Home Audio Court documents reveal scope of Chinese ag espionage

Court documents reveal scope of Chinese ag espionage

To hear Ken’s report on the alleged agriculture espionage by Chinese nationals, click here.

The FBI has filed charges against Chinese national Mo Hailong, known also as Robert Mo, for allegedly conspiring to steal trade secrets in the form of parent lines of high-value seeds from DuPont Pioneer and Monsanto.

A criminal complaint containing an affidavit from FBI Special Agent Mark Betten, linked here as a .pdf file, unfolds like a spy thriller.

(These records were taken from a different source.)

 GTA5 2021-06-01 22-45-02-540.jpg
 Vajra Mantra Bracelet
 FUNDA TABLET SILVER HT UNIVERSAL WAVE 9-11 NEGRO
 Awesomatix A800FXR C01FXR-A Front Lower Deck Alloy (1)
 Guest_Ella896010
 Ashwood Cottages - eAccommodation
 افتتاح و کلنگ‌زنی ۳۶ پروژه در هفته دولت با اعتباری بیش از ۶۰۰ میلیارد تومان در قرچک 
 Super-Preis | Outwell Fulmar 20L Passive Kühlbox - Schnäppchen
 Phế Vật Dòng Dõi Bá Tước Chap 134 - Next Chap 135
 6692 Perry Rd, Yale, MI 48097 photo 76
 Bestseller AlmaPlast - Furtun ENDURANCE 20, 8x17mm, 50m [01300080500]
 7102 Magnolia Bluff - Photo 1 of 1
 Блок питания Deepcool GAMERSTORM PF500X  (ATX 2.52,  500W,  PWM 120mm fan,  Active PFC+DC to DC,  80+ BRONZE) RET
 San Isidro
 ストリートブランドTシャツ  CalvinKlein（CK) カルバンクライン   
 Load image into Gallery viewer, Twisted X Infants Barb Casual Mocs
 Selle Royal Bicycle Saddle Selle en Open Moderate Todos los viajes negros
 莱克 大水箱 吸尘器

Some key dates from Betten’s affidavit:

May 3, 2011: Mo is caught by a Pioneer field manager on his knees in a corn field near Tama, Iowa with another suspect, Wang Lei, in a nearby car. When confronted, Mo claims he is working with the University of Iowa. The manager’s phone rings and Mo and Wang flee by driving through a ditch.

September 27, 2011: Mo mails 15 packages from West Des Moines to himself at a Florida address. Together the packages weigh almost 350 pounds and incur shipping charges of $1,152.97.

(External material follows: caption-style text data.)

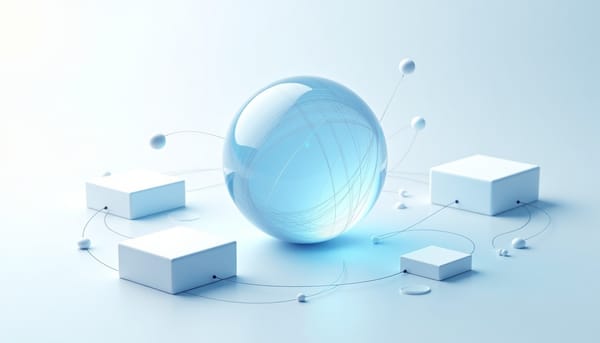 幾何熵正則化 vMF 分群混合策略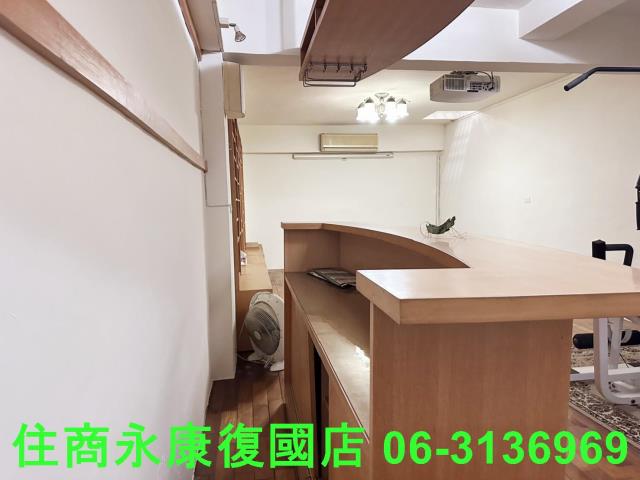 台南透天-1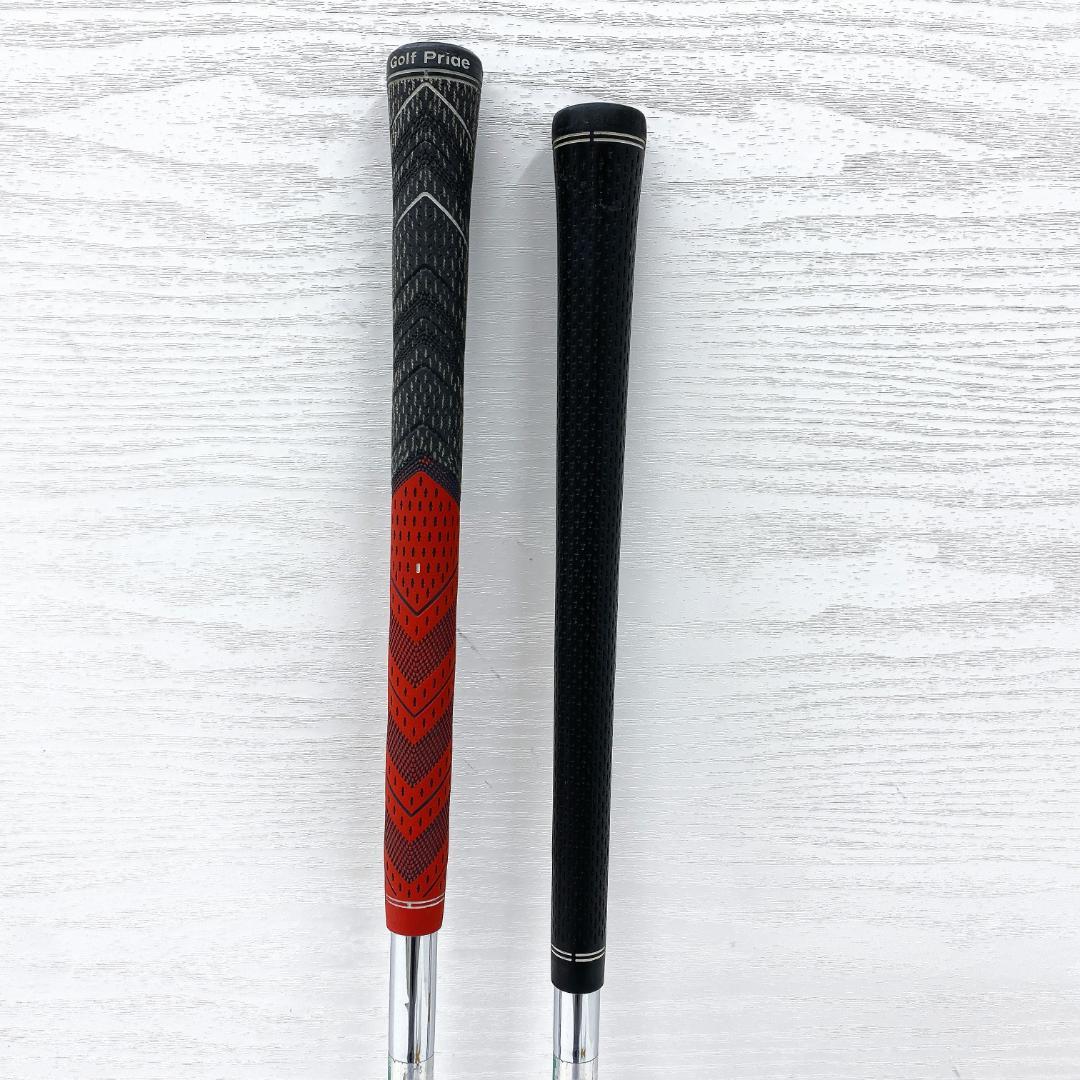 Titleist VOKEY COLD タイトリスト ウェッジ SW 52 58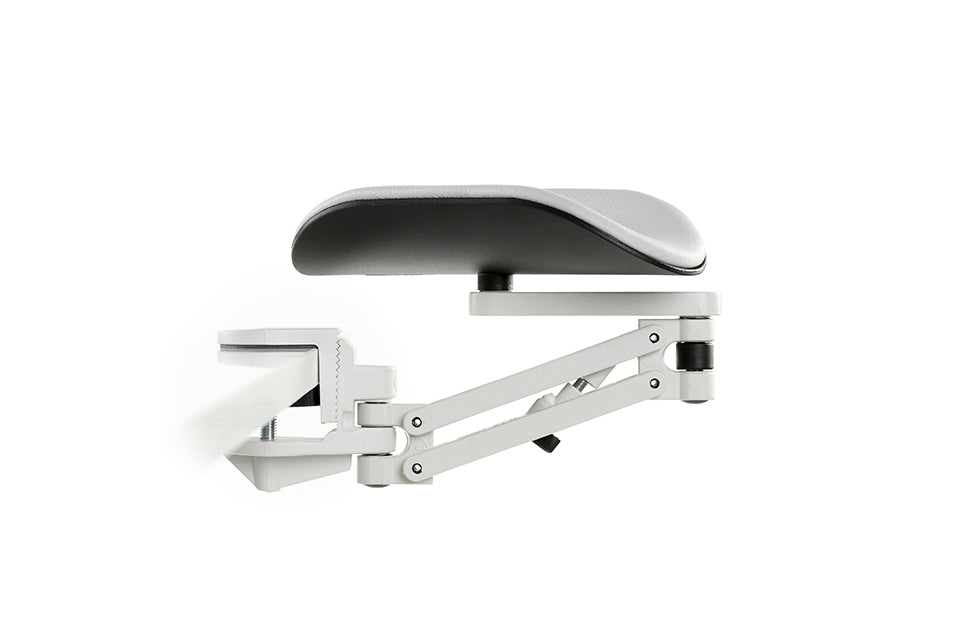 ErgoRest Armrest
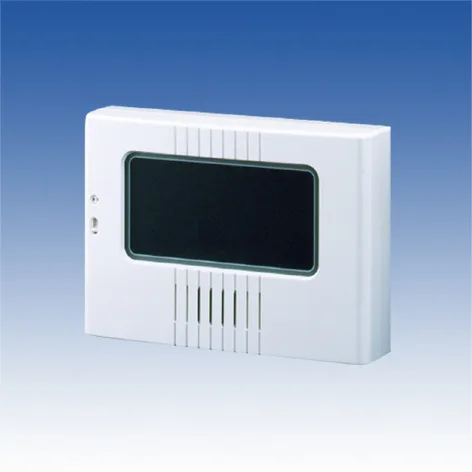 TAKEX ACsmart コントローラ ACS-C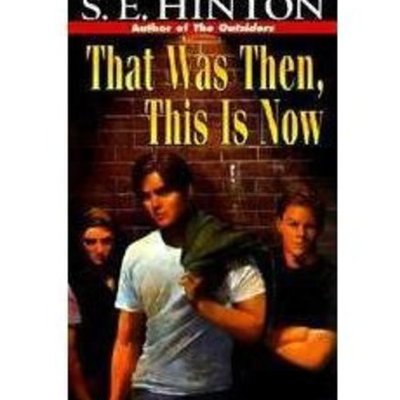 Timeline: Drug use in That was then, This is now.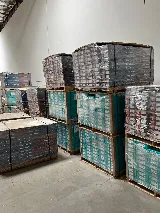 Choice Flooring photo 2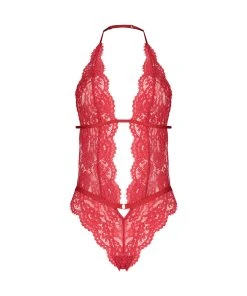 Private Body Salem 12 Private Body Salem -Hunkemöller-Shop 170934 5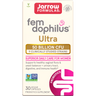 Fem-Dophilus® Ultra - 50 Billion CFU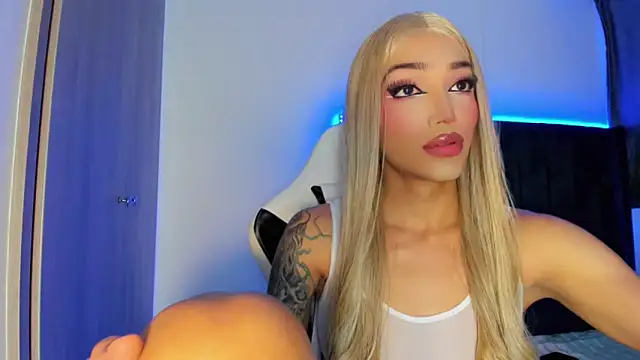 Snapshot of obysexy chatting on 13, 3, 2026 obysexy online show from 13, 3, 2026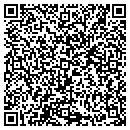 QR code with Classic Tack contacts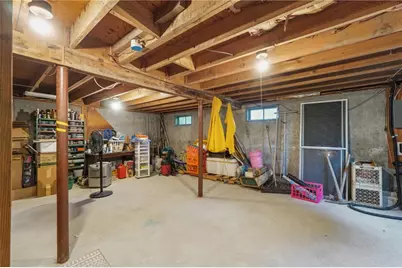 4 Melbourne Drive, Narragansett, RI 02882 - Photo 27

February 15, 2012: Mo uses an alias (“Hougang Wu”) at Pioneer’s Carver Campus in Johnston during a tour with other visitors. Hours later an FBI surveillance team finds him touring a Monsanto research facility in Ankeny. That evening, Mo attends a state dinner hosted by Governor Terry Branstad for China’s Vice President.

April 26, 2012: FBI agents observe Mo spending time at a farm in Monee, Illinois. Later investigation would show that the same parcel of land belongs to Chinese firm Kings Nower Seed, who bought it for $600,000 the previous month. Mo is believed to be an employee of Kings Nower Seed’s parent company, DBN Group.

May 1, 2012: Mo is seen purchasing six bags of DeKalb (Monsanto) brand corn at MFA Agri Services in Pattonsburg, Missouri, after having done the same with Pioneer corn at Crossroads Ag in Dallas Center the day before. Mo then drives to a storage locker facility near Adel and unloads the seed.

September 30, 2012: US Customs and Border Protection officials discover over 30 Subway napkins, each containing individual corn kernels, as well as rewrapped boxes of microwave popcorn concealing loose corn kernels in the luggage of two other suspects, Ye Jian and Li Shaoming, both of whom were awaiting a China-bound plane in Chicago’s O’Hare International Airport.

According to Betten’s affidavit, Pioneer executives estimate possible costs from the loss of an inbred seed line at 5-8 years of research and at least $30-$40 million in revenue.

Iowa Agriculture Secretary Bill Northey says he’s awaiting the Chinese government’s response to the allegations of agricultural espionage.

“One of the ways to prove that they respect property rights,” Northey says, “would be to completely cooperate with this investigation, and to help the FBI and others.”

Northey says the Iowa Department of Agriculture is not involved in the investigation of Mo’s activities.